Many people equate patriotism with standing and singing the Star-Spangled Banner, deifying the American flag, and reciting the Pledge of Allegiance. I have problems with all three.
I applaud football players who exercise their free-speech right to kneel during the Star-Spangled Banner in protest of racism, despite disapproval of many fans. Those who disagree call such a protest unpatriotic because this song is supposed to unite us. But there’s a little-known reason why we only sing one stanza of the song: Composer Francis Scott Key was a pro-slavery racist. The third stanza decries the runaway slaves working for the British army and openly celebrates the murder of such former slaves.

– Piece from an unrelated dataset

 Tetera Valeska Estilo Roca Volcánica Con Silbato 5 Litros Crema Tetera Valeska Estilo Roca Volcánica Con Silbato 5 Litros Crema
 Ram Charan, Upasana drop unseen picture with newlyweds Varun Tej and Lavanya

The American flag is a symbol that represents different things to different people. I rarely agreed with former Supreme Court Justice Antonin Scalia, who President Trump admires, but I thank Scalia for his key vote in the decision that flag burning is constitutionally protected speech under the First Amendment. Compare that with Trump’s tweet: “Nobody should be allowed to burn the American flag - if they do, there must be consequences - perhaps loss of citizenship or year in jail!” Criminalizing flag burning, however unpatriotic most Americans consider it to be, is an unconstitutional attack on our cherished freedom of speech.

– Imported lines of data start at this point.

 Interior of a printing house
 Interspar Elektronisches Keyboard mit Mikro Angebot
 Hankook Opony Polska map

Our public schools train students to salute the flag and say the Pledge of Allegiance whether they understand it or not, because simply regurgitating the Pledge daily supposedly makes them more patriotic. That strategy succeeds if patriotism just means obediently following orders of those in power. Although we tend to view our founders as role models, we act more like them when we question the old order and try to improve it.
Adding “under God” to the Pledge in 1954 turned a secular pledge into a religious one, and caused me to feel less patriotic when I no longer believed in any gods. Understanding and discussing the Pledge of Allegiance, whether under God or not, would be a significant improvement over mindless regurgitation. I previously wrote about how I would like to see public school teachers turn the Pledge of Allegiance into a meaningful patriotic exercise.
In fact, starting the school day with discussions about our Bill of Rights would be educational and might lead to informed, active citizenship. Understanding our Constitution and working to make our country better is definitely patriotic — a lot more so than merely reciting pledges and prayers, or waving flags.
Now we have Roy Moore, twice removed Alabama judge and senatorial candidate, a so-called patriot who unabashedly believes (and ruled from the bench) that his Christian version of the Bible trumps the U.S. Constitution. That’s protected speech for private citizens, but not how a judge or a senator should make decisions. Moore refused to take a Ten Commandments plaque off the walls of his courtroom, and wants to criminalize homosexual behavior and bar Muslims from serving in Congress. I’m reminded of a quote attributed to Sinclair Lewis: "When fascism comes to America, it will be wrapped in the flag and carrying a cross."
Here’s how I plan to show my patriotism regarding September 30, International Blasphemy Rights Day, a day to promote freedom of belief and freedom of expression. On this day, we stand in solidarity with atheists, religious minorities, and dissidents abroad who are persecuted for challenging religious norms and authorities. According to the 2016 Freedom of Thought Report, in 43 countries blasphemy is a criminal offense punishable by prison time. In 6 countries, blasphemy is considered a capital offense and those convicted can be sentenced to death. We can all ask our representatives, as did I, to support House Resolution 349 condemning and calling for the repeal of global blasphemy laws.
Wouldn’t it be great if most Americans knew about these blatant human rights violations and publicly protested them to promote freedom of conscience internationally? I think doing that could really help us make America great again.